About Collectors
Collectors are extractors that are developed and managed by you (a customer of K).
KADA provides python libraries that customers can use to quickly deploy a Collector.
Why you should use a Collector
There are several reasons why you may use a collector vs the direct connect extractor:
-
You are using the KADA SaaS offering and it cannot connect to your sources due to firewall restrictions
-
You want to push metadata to KADA rather than allow it to pull data for security reasons
-
You want to inspect the metadata before pushing it to K
Using a collector requires you to manage:
-
Deploying and orchestrating the extract code
-
Managing a high water mark so the extract only pulls the latest metadata
-
Storing and pushing the extracts to your K instance
Pre-requisites
Collector Server Minimum Requirements
For the collector to operate effectively, it will need to be deployed on a server with the below minimum specifications:
-
CPU: 2 vCPU
-
Memory: 8GB
-
Storage: 30GB (depends on historical data extracted)
-
OS: unix distro e.g. RHEL preferred but can also work with Windows Server
-
Python 3.10.x or later
-
Access to K landing directory
SQL Server Requirements
-
Access to SQL Server - SQL Server 2012 or later
-
Create a SQL login (non-domain login) with the following permissions: read-only access to system views, view definition on objects, and impersonate any login
Step 1: SQL Server Setup
To configure SQL Server for use with the collector, you need to enable SQL Server authentication. You also need to create a dedicated SQL Server login and configure it with appropriate permissions.

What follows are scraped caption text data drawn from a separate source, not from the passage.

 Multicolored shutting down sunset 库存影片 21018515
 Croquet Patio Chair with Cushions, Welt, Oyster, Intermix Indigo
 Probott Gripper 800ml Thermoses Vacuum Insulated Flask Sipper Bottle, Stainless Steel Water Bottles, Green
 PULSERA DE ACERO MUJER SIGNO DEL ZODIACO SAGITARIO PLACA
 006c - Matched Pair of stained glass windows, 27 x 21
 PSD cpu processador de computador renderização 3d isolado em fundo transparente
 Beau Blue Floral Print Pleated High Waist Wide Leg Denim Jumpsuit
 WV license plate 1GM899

Step 2: Create the Source in K
Create a SQL Server source in K
-
Go to Settings, Select Sources and click Add Source
-
Select "Load from File" option
-
Give the source a Name - e.g. SQLServer Production
-
Add the Host name for the SQL Server
-
Click Finish Setup
Step 3: Getting Access to the Source Landing Directory
When using a Collector you will push metadata to a K landing directory.
To find your landing directory you will need to:
-
Go to Platform Settings - Settings. Note down the value of this setting:
-
If using Azure: storage_azure_storage_account
-
If using AWS:
-
storage_root_folder - the AWS s3 bucket
-
storage_aws_region - the region where the AWS s3 bucket is hosted
-
-
-
Go to Sources - Edit the Source you have configured. Note down the landing directory in the About this Source section.

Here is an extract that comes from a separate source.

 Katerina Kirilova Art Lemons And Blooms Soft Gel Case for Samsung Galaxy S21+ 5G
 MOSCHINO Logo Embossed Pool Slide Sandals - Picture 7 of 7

To connect to the landing directory you will need:
-
If using Azure: a SAS token to push data to the landing directory. Request this from KADA Support (support@kada.ai)
-
If using AWS:
-
An Access key and Secret. Request this from KADA Support (support@kada.ai)
-
OR provide your IAM role to KADA Support to provision access.
-
Step 4: Install the Collector
You can download the Latest Core Library and whl via Platform Settings → Sources → Download Collectors
Run the following command to install the collector
pip install kada_collectors_extractors_<version>-none-any.whl
You will also need to install the common library kada_collectors_lib for this collector to function properly.
pip install kada_collectors_lib-<version>-none-any.whl
Step 5: Configure the Collector
|
FIELD |
FIELD TYPE |
DESCRIPTION |
EXAMPLE |
|---|---|---|---|
|
user |
string |
User to connect to SQL Server |
"sqluser" |
|
password |
string |
Password to connect to SQL Server |
"password" |
|
server |
string |
Server name or IP of the SQL Server |
"localhost" |
|
host_name |
string |
The onboarded host in K for the SQL Server |
"localhost" |
|
database_name |
string |
The onboarded database name in K for the SQL Server |
"sqldb" |
|
output_path |
string |
Absolute path to the output location |
"/tmp/output" |
|
mask |
boolean |
To enable masking or not |
true |
|
compress |
boolean |
To gzip the output or not |
true |
kada_sqlserver_extractor_config.json
{
"user": "",
"password": "",
"server": "",
"host_name": "",
"database_name": "",
"output_path": "/tmp/output",
"mask": true,
"compress": true
}
Step 6: Run the Collector
See Collector Integration General Notes for how to run the collector and example script.
Step 7: Check the Collector Outputs
K Extracts
A set of files (eg metadata, databaselog, linkages, events etc) will be generated in the output_path directory.
High Water Mark File
A high water mark file is created called sqlserver_hwm.txt.
Step 8: Push the Extracts to K
Once the files have been validated, you can push the files to the K landing directory.